Engineered nanoparticles (ENPs) are introduced to the soil environment mainly via wastewater biosolids applied to soils and their targeted delivery in agricultural applications. The impact of ENP size and surface coating on the activity of extracellular enzymes and bacterial community composition of an agricultural soil was examined using model gold nanoparticles (nAu). These endpoints were chosen as indicators of the soils response to external disturbances. The activity of five extracellular enzymes important in nutrient-cycling was measured in soils treated with commercially available 50 nm citrate-coated nAu and polyvinylpyrrolidone (PVP)-coated nAu of three different nominal diameters: 5, 50, and 100 nm. At low particle concentration (0.1 mg nAu kg−1 soil), decreasing the size of PVP-nAu resulted in an increased stimulation of soil enzyme activity. No correlation between size of PVP-nAu and soil enzyme activity was observed at a higher dose (100 mg nAu kg−1 soil). At a fixed size of 50 nm, citrate-coated nAu generally resulted in significant increases in soil enzyme activity at 30 days of exposure compared to PVP-coated nAu. Data from 16S rRNA gene sequencing showed that the community composition of soil spiked with citrate-coated nAu clustered significantly away from soil spiked with PVP-nAu at higher concentration (100 mg nAu kg−1 soil), showing the effect of type of nAu surface coatings. Abundance of bacteria annotated to operational taxonomic units (OTUs) from important soil bacterial groups, including Actinobacteria and Proteobacteria, increased following exposure of soil to nAu and more substantially following exposure to citrate-coated nAu for 30 days. This study shows that release of nanomaterials such as nAu to soils may have significant effects on soil enzyme activities and microbial communities and thus impact nutrient cycling in soils. Moreover, this study provides baseline knowledge that may be useful in customizing nanoparticle size and surface coating for their potential use as nutrient delivery agents in agriculture.

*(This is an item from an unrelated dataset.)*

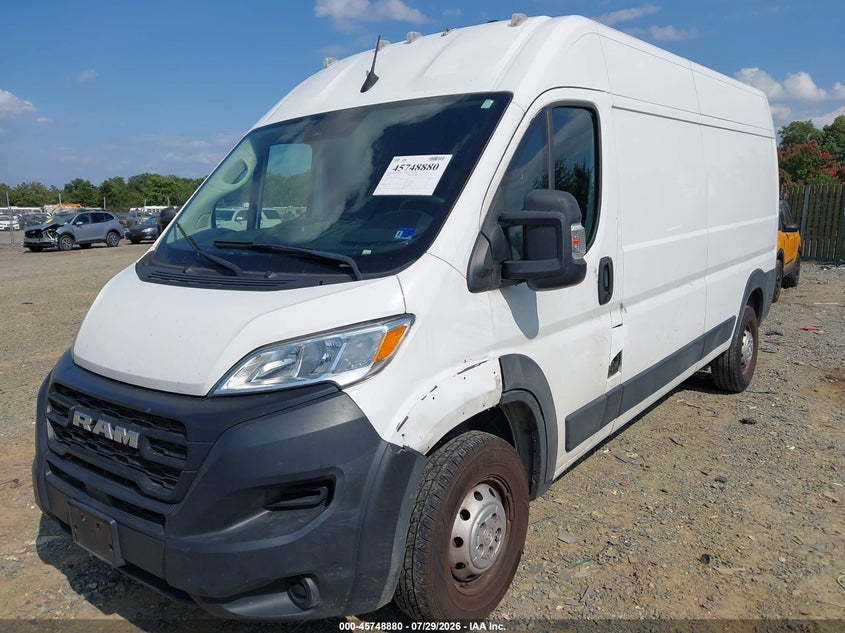 Vin: 3c6lrvdg8pe588441, lot: 46247602, ram promaster 2500 high roof 159 wb 20232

Amendment of Agricultural Soil with Metal Nanoparticles: Effects on Soil Enzyme Activity and Microbial Community Composition

Several types of engineered nanoparticles (ENPs) are being considered for direct application to soils to reduce the application and degradation of pesticides, provide micronutrients, control pathogens, and increase crop yields. This study examined the effects of different metal ENPs and their dissolved ions on the microbial community composition and enzyme activity of agricultural soil amended with biosolids. The activity of five extracellular nutrient-cycling enzymes was measured in biosolid-amended soils treated with different concentrations (1, 10, or 100 mg ENP/kg soil) of silver (nAg), zinc oxide (nZnO), copper oxide (nCuO), or titanium dioxide (nTiO2) nanoparticles and their ions over a 30-day period. At 30 days, nZnO and nCuO either had no significant effect on soil enzyme activity or enhanced enzyme activity. In contrast, Ag inhibited selected enzymes when dosed in particulate or dissolved form (at 100 mg/kg). nTiO2 either had no significant effect or slightly decreased enzyme activity. Illumina MiSeq sequencing of microbial communities indicated a shift in soil microbial community composition upon exposure to high doses of metal ions or nAg and negligible shift in the presence of nTiO2. Some taxa responded differently to nAg and Ag+. This work shows how metal ENPs can impact soil enzyme activity and microbial community composition upon introduction into soils amended with biosolids, depending on their type, concentration, and dissolution behavior, hence providing much needed information for the sustainable application of nanotechnology in agriculture.